Columbine flowers are dark blue with dark green foliage that turns burgundy in autumn.
These flowers are often visited by hummingbirds and butterflies for the bell-shaped flowers. They typically prefer to grow in milder climates in partial shade and well-drained soil.
Himalayan Poppy (Meconopsis)
For those wanting a lighter cyan flower, check out Himalayan poppies. The Himalayan poppy features around 4 large and rounded light blue petals, which can often come in a slightly darker variety.
As the species and taxonomy are largely unknown still, these flowers are notoriously hard to find and can often be tricky to grow.
If you’ve ever tried growing a Himalayan poppy from a seed, you’ve probably witnessed how temperamental the flower can be.
The flower’s native habitat is Tibet, after all, which is a climate hard to replicate in gardens.
Native to woodlands in Europe and Asia, brunnera is a genus of blue flowering plants that typically bloom at the start of spring.
These flowers are low growers that consist of large, hair variegated leaves and small light blue flowers, with the mixture of blue and green giving the impression of cyan.
Brunnera are great plants to grow for those with small or shaded gardens as they are very shade tolerant.

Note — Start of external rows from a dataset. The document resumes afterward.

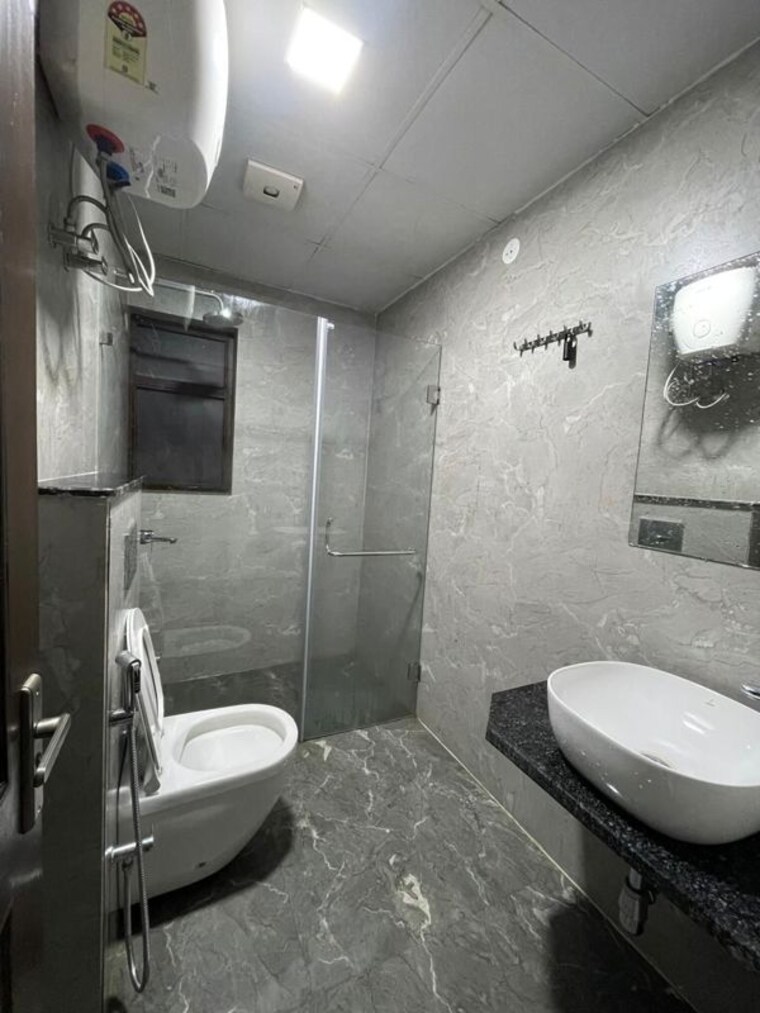 Bathroom, builder-floor 1 Bedroom 850 Sq.Ft. Builder Floor In Sector 28 Gurgaon 9726578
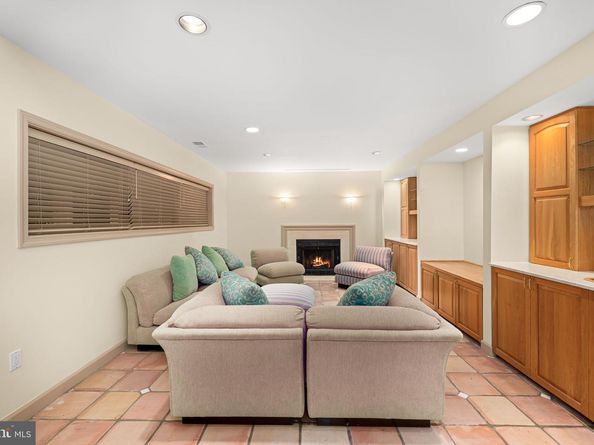 4616 Foxhall Crescent NW, Washington DC 20007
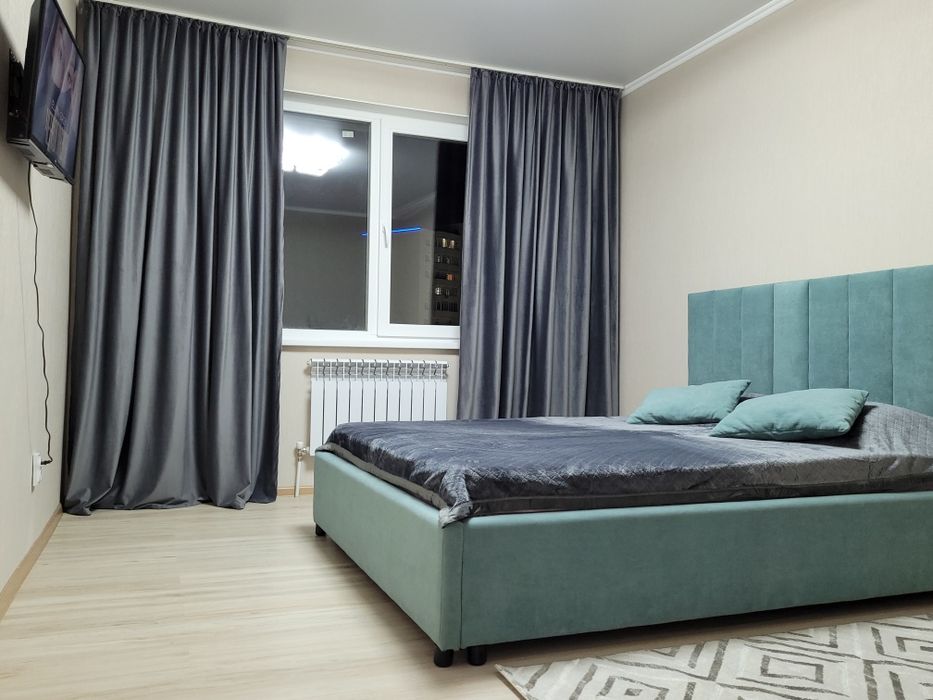 Однокомнатная квартира посуточно ЛЮКС КШТ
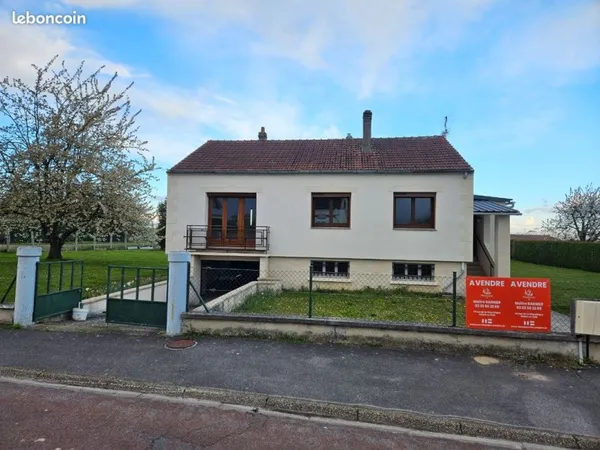 Maison avec grand terrain clos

They prefer to grow in the full shade amongst moist and well-drained soil.
They naturally appear near water sources like rivers and streams, so they don’t do well in dry conditions.
There are around 300 species of delphiniums, meaning there is a wide variety of delphinium colors available. The blue variety is most ideal for those wanting to find a cyan flower.
These hardy perennials can grow anywhere from 10 centimeters to 2 meters depending on the species, each with a topping of floral spires.
Not only are blue delphiniums great for adding some height to a garden, but they also look beautiful in floral arrangements.
Taller varieties will need staking to prevent falling over, and delphiniums like to grow in partial shade and sun in well-drained soil.
Grape Hyacinth (Muscari)
Grape hyacinths are native to Eurasia, though, despite their name, they should not be mistaken for hyacinths.
These are perennial bulbous plants that consist of tall stalks and grape-shaped blue bulbs.
Before opening into drooping bell-shaped bulbs, the bulbs appear somewhat green, creating the illusion of a cyan flower.
Grape hyacinths pair most beautifully with yellow flowers thanks to the complimentary blue shade. They like to grow in full sun or partial shade in well-drained soil.
Also known as the blue dawn flower, morning glory flowers are most well known for their ability to open into a saucer-shaped blossom in the morning before closing again in the evening.
While they come in various colors, such as white and pink, the blue version is closest to the cyan color.
Morning glory flowers actually have a fairly short lifespan, which is why they are grown as a treasured ornamental plant. They require lots of direct sunlight and well-drained soil to thrive.
Globe Thistle (Echinops)
Globe thistles are a genus of around 120 flowering plants that are known for their unique spherical and thorny appearance.
These flowers are native across Europe and parts of Africa and Asia. The bulk of the flower underneath is typically green, which then blends with the spiky blue petals to create a cyan appearance.
Globe thistles are an excellent addition to a garden to provide some dimension and height. They prefer full sunlight and some partial shade along with well-drained soil.
Anemone is a genus belonging to the buttercup family, with some species being known as windflowers.
These flowers come in a variety of rich colors, but the blue variety is particularly vibrant.
Anemones are known to bloom throughout the year except for winter, making them a magnificent permanent addition to a garden.
Not only do they bloom in abundance when cared for properly (up to 20 flowers per bulb), but blue anemones are seen as a symbol of luck and peacefulness.
So, there you have it! While it’s clear that there technically aren’t any cyan flowers, there are countless blue flower species that offer tones of cyan or can appear cyan when blended against a green backdrop.
Cyan and blue flowers are a beautiful way to enhance your garden or floral arrangement, which explains why they are so widely sought after.